Metcalf Alumni Pay It Forward & Help Journalists Gain The Metcalf Experience

2012 Annual Workshop Fellows participate in water sampling exercise. Photo by Gretchen Ertl.

2012 Annual Workshop Fellows participate in water sampling exercise. Photo by Gretchen Ertl.

Meera Subramanian knows the value of Metcalf Institute training.  An award-winning freelance journalist who writes about culture and the environment for newspapers and magazines worldwide, Subramanian still appreciates the generosity that made her 2012 fellowship possible.

“Being able to arrive for Metcalf’s Annual Workshop knowing that all our needs were taken care of, and our only duty was to learn – with intent and curiosity and accuracy – was invaluable to me as a freelance journalist,” said Subramanian.

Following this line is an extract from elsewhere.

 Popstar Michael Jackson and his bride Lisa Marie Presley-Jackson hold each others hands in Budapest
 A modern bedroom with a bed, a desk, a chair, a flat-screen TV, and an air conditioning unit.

This is one of the reasons Meera joined other alumni who donated money to fund the costs of one Annual Science Immersion Workshop fellowship.  Metcalf Institute alumni contributions support travel, room and board, and other direct program costs of the Annual Workshop.

“It’s great to know that I’m helping other journalists like myself receive great hands-on, lab-based, rigorous training,” said Subramanian.  “The result is better, smarter reporting for the public.”

Some of the donations came from alumni who attended other Metcalf programs, like Benjamin Alexander-Bloch, a participant in Metcalf’s 2014 Oil Spill Seminar for Journalists held in Mobile, Alabama.

“Metcalf’s seminar helped me better understand scientists’ difficulties communicating with journalists, and our difficulties communicating with them,” said Alexander-Bloch, a reporter with The Times-Picayune in New Orleans.  “There is such a wonderful camaraderie at the workshops, between the Metcalf staff, visiting scientists, and journalists, and I felt it was important to give a financial contribution, however small, to help someone else experience that gift.”

“I’m thrilled by this strong show of support from our alumni,” said Sunshine Menezes, Metcalf’s executive director.  “Every single donation, big and small, goes a long way toward ensuring that more journalists receive the science training they need – without incurring personal costs – to produce accurate stories about the science underlying environmental issues.